BEGIN

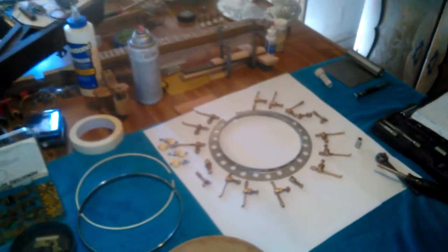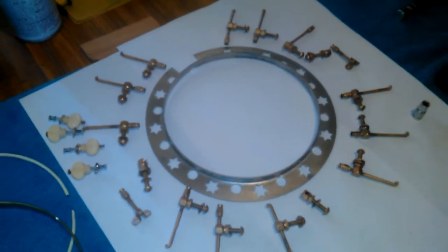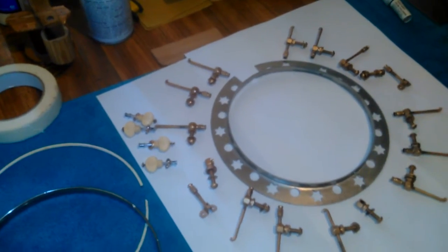This is the four string banjo. I've also cleaned up the hardware — tuning pegs.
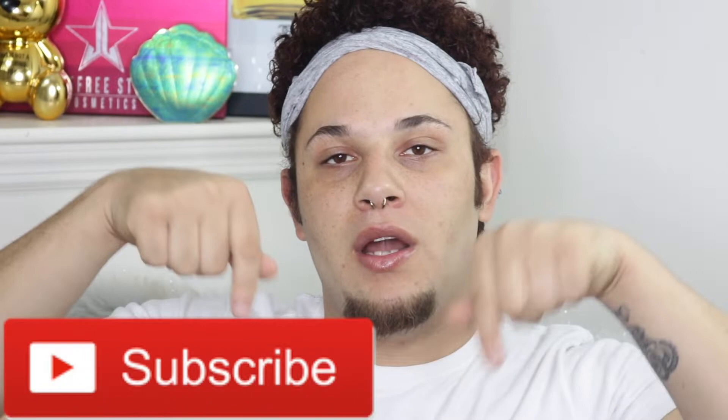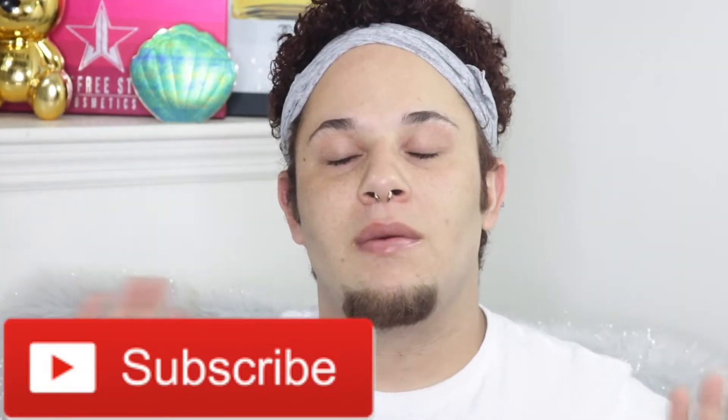Hey YouTube, it's your boy Dom Lace. Thank you guys for coming back to my channel. Before anything, stop what you're doing and hit that notification bell so you get my videos as soon as I post them. Also hit that subscribe button so you can be part of the best squad ever — our name is the Dummy Squad.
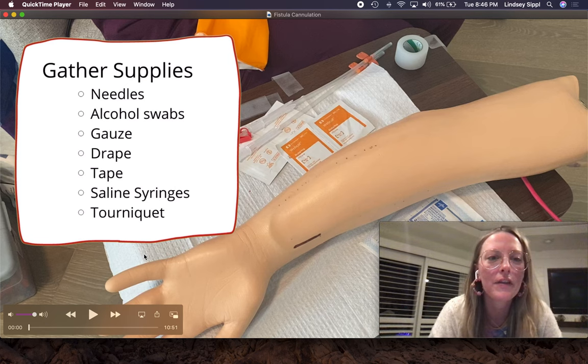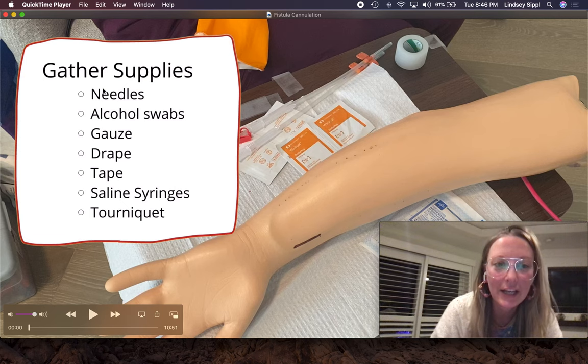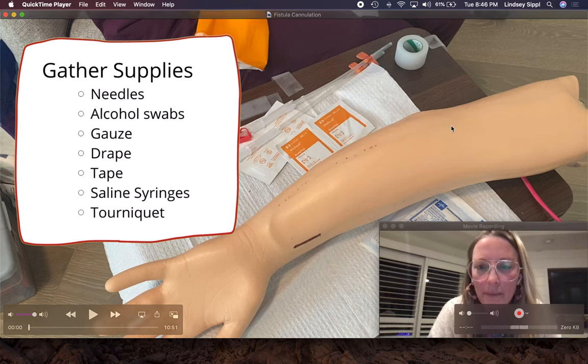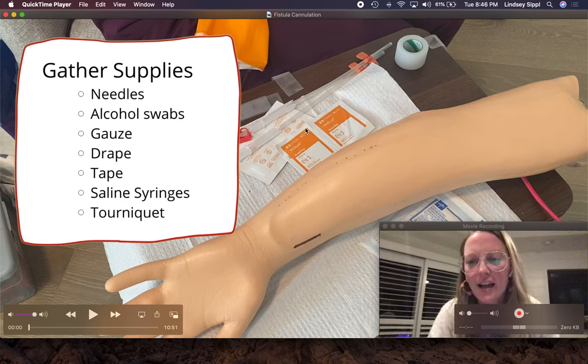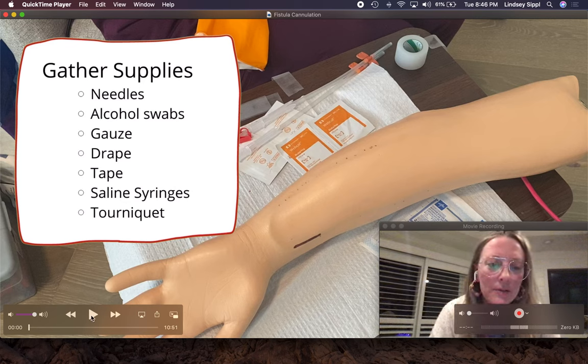These are all the things that I need to cannulate a patient. The drape is this white pad that is under the patient's arm. It has a plastic underside and will catch any blood that escapes the fistula and help protect the patient's clothing and all of our pillows and blankets.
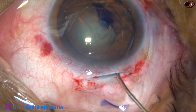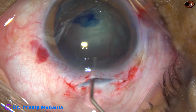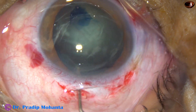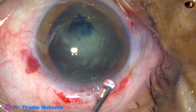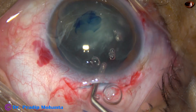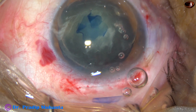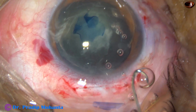Now let us see if the nucleus prolapses by hydrodissection only. When the rhexis is adequate, most of the time the nucleus will prolapse by hydrodissection only. Now this is 2% HPMC again injected. The nucleus has been prolapsed into the anterior chamber and now the nucleus is to be delivered.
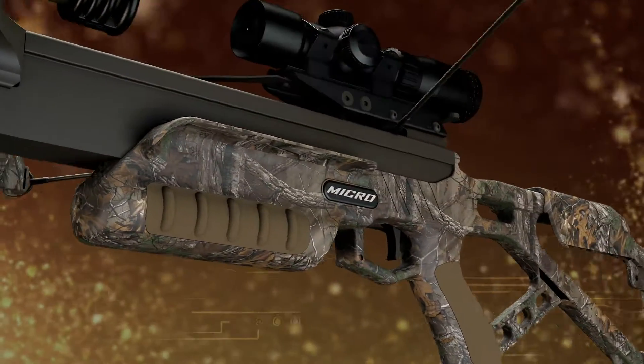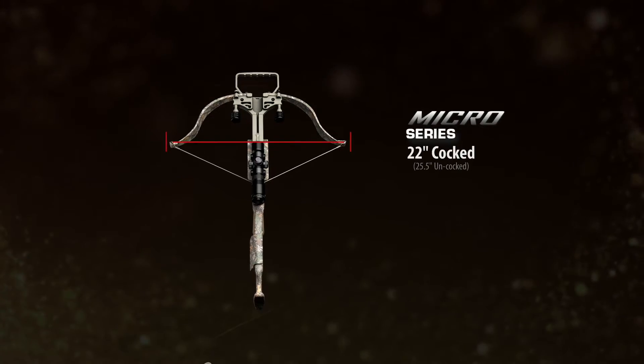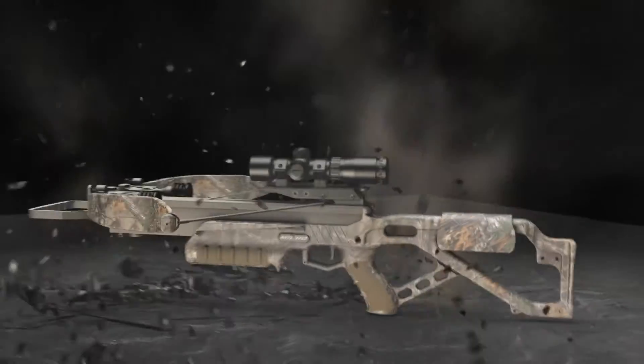This is the new Excalibur Micro. With a limb width of just 25 inches, Micro is the most compact Excalibur crossbow ever. Like the best-selling Matrix, the new Micro is beyond durable.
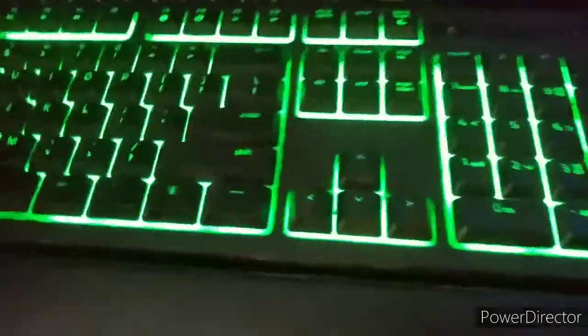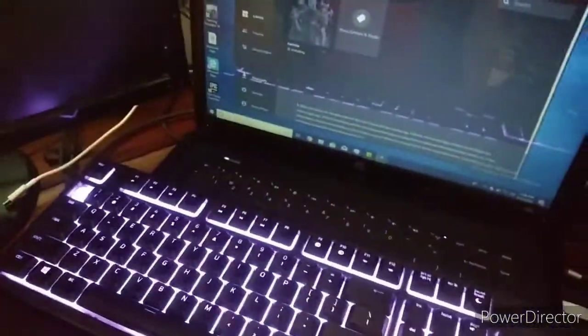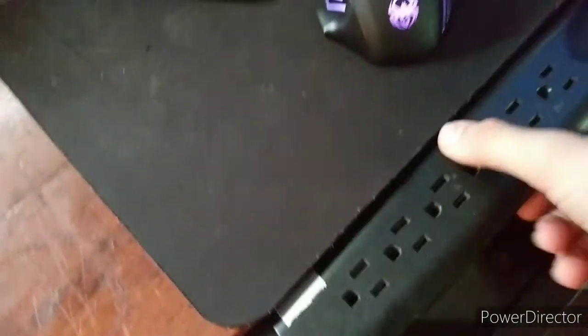Here's my Razer keyboard right here. And got my screen here — this screen I cannot get working right here because when I go and hook it up, this thing is messed up. So yeah, and I got my mouse pad right here.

END

◆ **Exercise brief**:
Output only these lines, word for word: the line containing "Hey YouTube, it's" and every line after it through the last line of the data. Omit the pictures.

◆ **Response to this exercise**:
Hey YouTube, it's your boy Dom Lace. Thank you guys for coming back to my channel. Before anything, stop what you're doing and hit that notification bell so you get my videos as soon as I post them. Also hit that subscribe button so you can be part of the best squad ever — our name is the Dummy Squad.
These are all the things that I need to cannulate a patient. The drape is this white pad that is under the patient's arm. It has a plastic underside and will catch any blood that escapes the fistula and help protect the patient's clothing and all of our pillows and blankets.
Now let us see if the nucleus prolapses by hydrodissection only. When the rhexis is adequate, most of the time the nucleus will prolapse by hydrodissection only. Now this is 2% HPMC again injected. The nucleus has been prolapsed into the anterior chamber and now the nucleus is to be delivered.
This is the new Excalibur Micro. With a limb width of just 25 inches, Micro is the most compact Excalibur crossbow ever. Like the best-selling Matrix, the new Micro is beyond durable.
Here's my Razer keyboard right here. And got my screen here — this screen I cannot get working right here because when I go and hook it up, this thing is messed up. So yeah, and I got my mouse pad right here.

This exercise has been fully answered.